Give the listing below again exactly, but without any of its pictures.
-------- Exercise data
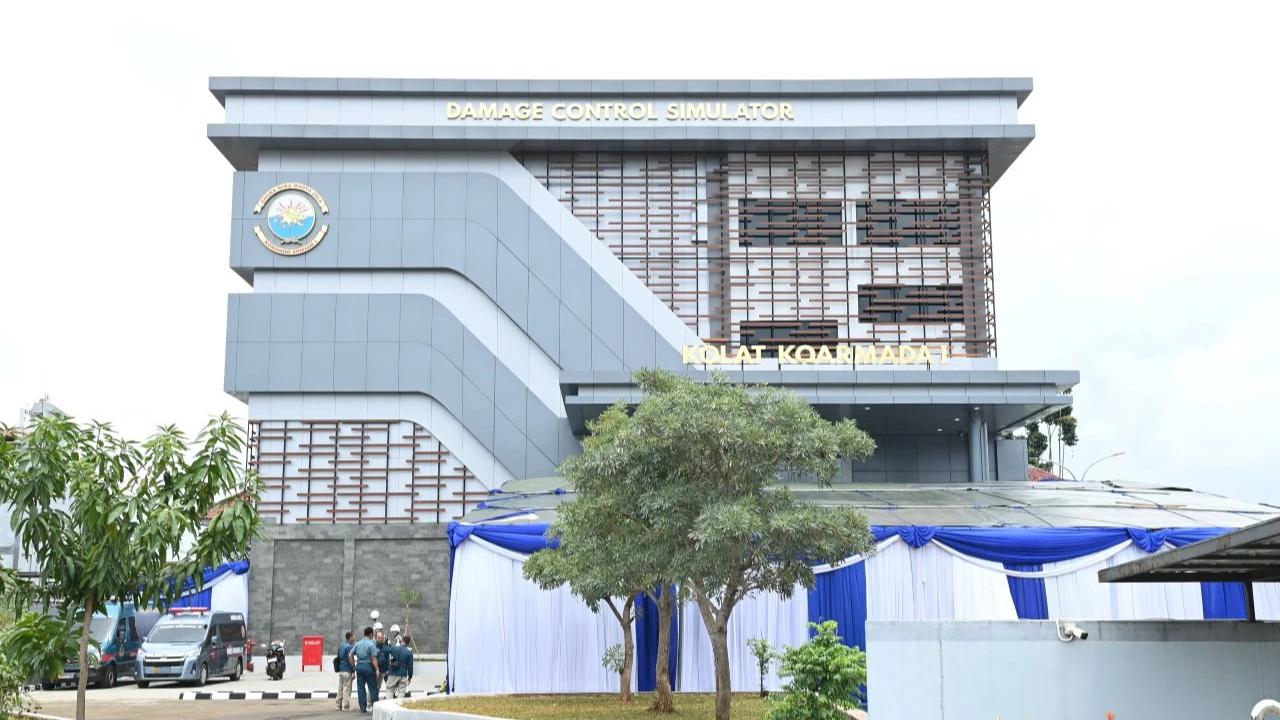 Gedung Damage Control Simulator (DCS) di Komando Latihan (Kolat) Komando Armada I, Jakarta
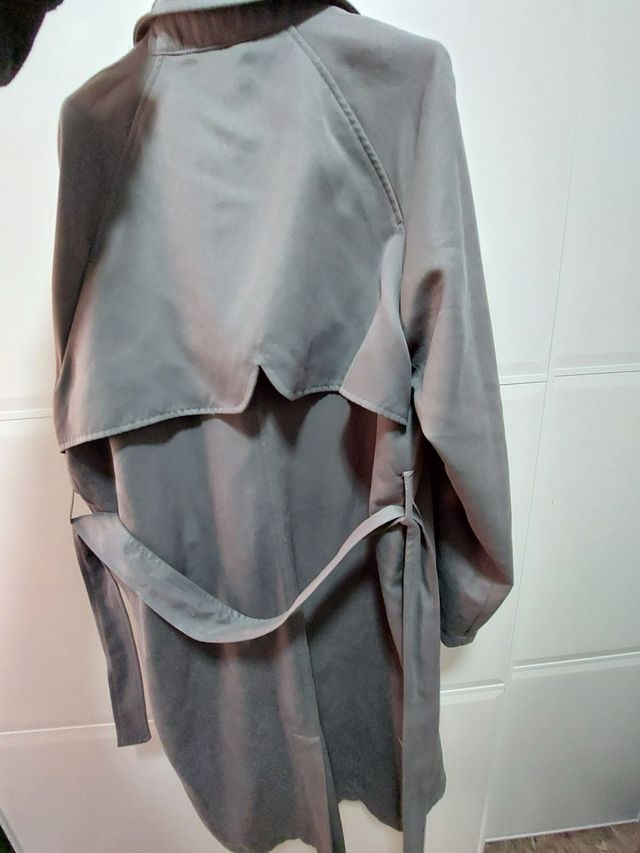 Gabardina larga gris Stradivarius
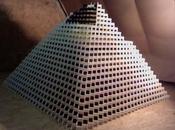 Pyramide dominos inachevée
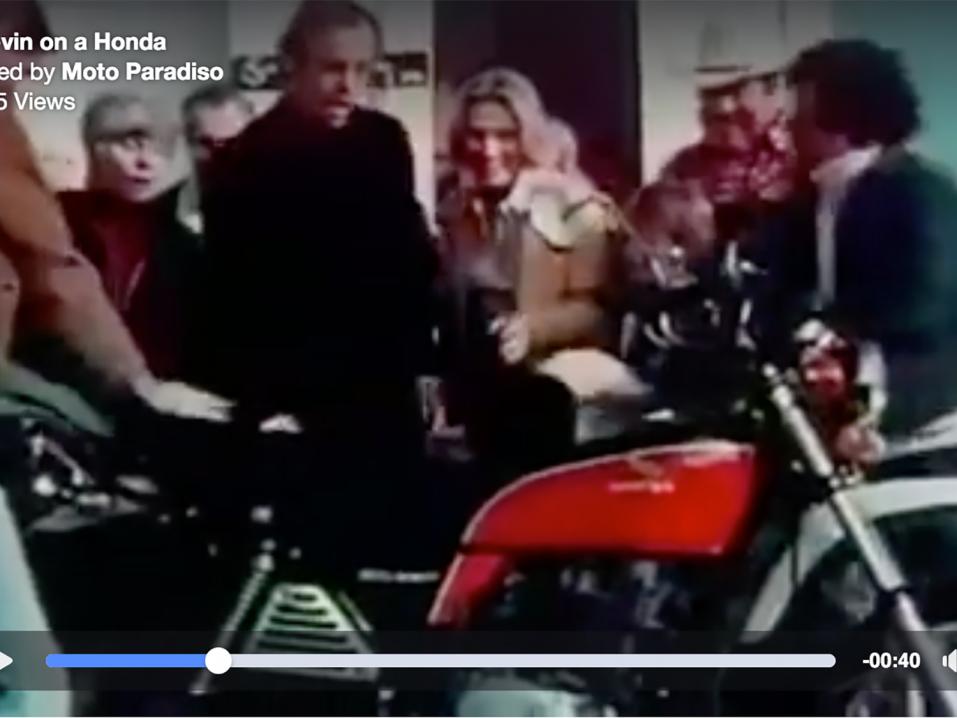 Malcolm Smith Honda-moottoripyörän seurakuntalaisilta lahjaksi saavana pappina.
----------------
Response below:
 Gedung Damage Control Simulator (DCS) di Komando Latihan (Kolat) Komando Armada I, Jakarta
 Gabardina larga gris Stradivarius
 Pyramide dominos inachevée
 Malcolm Smith Honda-moottoripyörän seurakuntalaisilta lahjaksi saavana pappina.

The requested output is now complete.